### Task item:
Nothing in the records should differ when they are repeated. Restate them word for word.

### Working data:
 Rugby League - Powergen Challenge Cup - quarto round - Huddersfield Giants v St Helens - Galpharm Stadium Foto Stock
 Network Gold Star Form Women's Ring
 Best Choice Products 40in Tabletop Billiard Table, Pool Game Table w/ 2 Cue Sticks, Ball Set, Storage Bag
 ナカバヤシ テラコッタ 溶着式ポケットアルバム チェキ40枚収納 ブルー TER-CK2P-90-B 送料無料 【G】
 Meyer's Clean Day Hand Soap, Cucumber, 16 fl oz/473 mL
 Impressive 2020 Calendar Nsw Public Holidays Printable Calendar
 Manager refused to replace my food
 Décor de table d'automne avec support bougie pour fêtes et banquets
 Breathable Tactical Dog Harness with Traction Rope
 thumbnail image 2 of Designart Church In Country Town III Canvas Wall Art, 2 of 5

### Final answer:
 Rugby League - Powergen Challenge Cup - quarto round - Huddersfield Giants v St Helens - Galpharm Stadium Foto Stock
 Network Gold Star Form Women's Ring
 Best Choice Products 40in Tabletop Billiard Table, Pool Game Table w/ 2 Cue Sticks, Ball Set, Storage Bag
 ナカバヤシ テラコッタ 溶着式ポケットアルバム チェキ40枚収納 ブルー TER-CK2P-90-B 送料無料 【G】
 Meyer's Clean Day Hand Soap, Cucumber, 16 fl oz/473 mL
 Impressive 2020 Calendar Nsw Public Holidays Printable Calendar
 Manager refused to replace my food
 Décor de table d'automne avec support bougie pour fêtes et banquets
 Breathable Tactical Dog Harness with Traction Rope
 thumbnail image 2 of Designart Church In Country Town III Canvas Wall Art, 2 of 5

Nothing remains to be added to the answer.